:: Entries provided ::
# # # # # # #
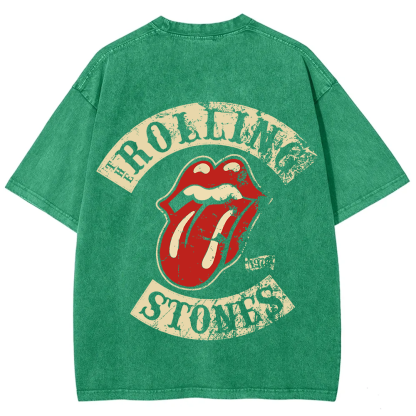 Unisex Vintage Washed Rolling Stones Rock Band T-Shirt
# # # # # # #
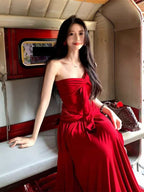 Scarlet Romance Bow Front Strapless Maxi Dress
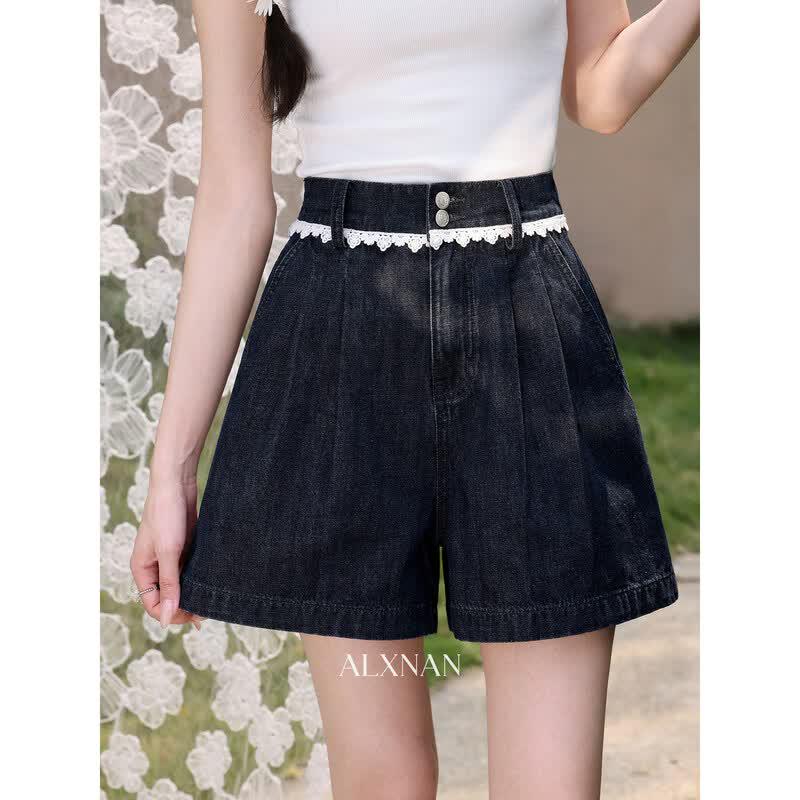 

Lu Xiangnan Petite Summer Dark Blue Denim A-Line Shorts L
# # # # # # #
:: Task prompt ::
Nothing but the lines above from the line with "Scarlet Romance Bow" up to and including the line with "Lu Xiangnan Petite" should be returned, exactly as written and without pictures.

:: Task response ::
 Scarlet Romance Bow Front Strapless Maxi Dress

Lu Xiangnan Petite Summer Dark Blue Denim A-Line Shorts L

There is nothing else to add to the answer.